November 25, 2014
Vice Chairman of the Wawa, Inc. Board of Directors and former Wawa President/CEO Howard Stoeckel visited Moorestown Friends School today to discuss leadership with Upper School students.
Stoeckel first met with students in Clark Thomson’s Economics course in a roundtable discussion format. Following the discussion, Stoeckel gave a presentation about servant leadership to students in the “Leadership: Style and Skills” course. The visit occurred as a result of an invitation from Head of School Larry Van Meter, who co-teaches the leadership course with Director of Innovative Programs Kathryn Park Cook. Students in the course have been reading The Wawa Way, a book the history and culture of Wawa written by Stoeckel.
Stoeckel emphasized three things that make Wawa unique: private ownership, shared ownership, and servant leadership.
In speaking about servant leadership Stoeckel said: “The days of a title signifying respect are disappearing. True leadership is the ability to influence people, with or without a job title. Good leaders give other people credit.”
In this vein, Wawa employees are always referred to as “associates,” not employees or subordinates.

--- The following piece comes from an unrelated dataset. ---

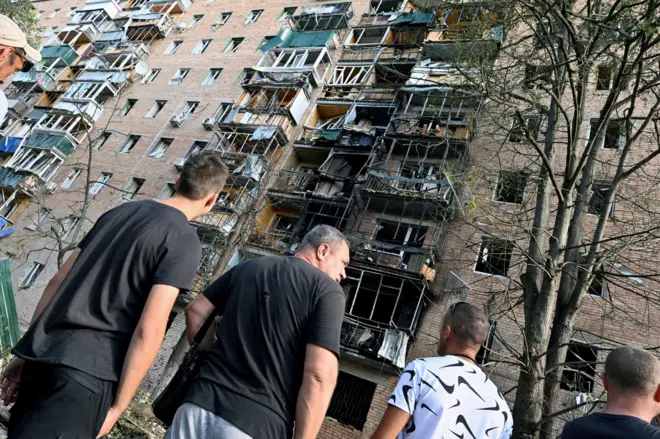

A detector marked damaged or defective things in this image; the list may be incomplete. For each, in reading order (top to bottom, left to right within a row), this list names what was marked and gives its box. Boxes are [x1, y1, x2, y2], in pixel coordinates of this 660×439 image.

Regarding private/shared ownership, Stoeckel stated: “Employee shared ownership has grown from 10% to almost 40%. Our associates think like owners.The more people that share the dream, the further the organization goes.”
He spoke extensively about the longstanding Wawa culture, which “flowed from Grahame Wood and the whole Wood family.” Wawa’s six core values are: Value People, Delight Customers, Embrace Change, Do the Right Thing, Do Things Right, and Passion for Winning. Stoeckel noted that the Wood family was originally Quaker and that Friends’ beliefs have helped shape the culture of the company.
“The key to growth is culture, said Stoeckel. “People first, profit second.”
The former CEO provided advice to students pondering their future careers. “When you are looking for a company or organization, try to find a soulmate – an organization with which you share the same values,” said Stoeckel, who spent almost 30 years with Wawa. “Wawa brought out the best in me because I shared the same values.”
He spoke of the importance and weight of the strategic decision to expand Wawa to Florida: “Expanding to Florida was the biggest strategic and financial decision made in our company’s history.” Another major decision in which Stoeckel was involved was the company’s decision to sell gasoline 18 years ago. “Gas helped us increased our customer base,” he said. “We never sleep. We help customers fill their daily needs.”
“We were thrilled to welcome Howard Stoeckel to MFS today,” said Van Meter. “His presentation and remarks applied directly to many of the leadership concepts we’ve been discussing in our course. In particular, the concepts pioneered by Robert Greenleaf, a Quaker business theorist who founded the Greenleaf Center for Servant Leadership.”
As Stoeckel closed his presentation to students in the leadership course, he left them with a philosophy to adhere to: “Always be kid-like. It’s a state of mind.”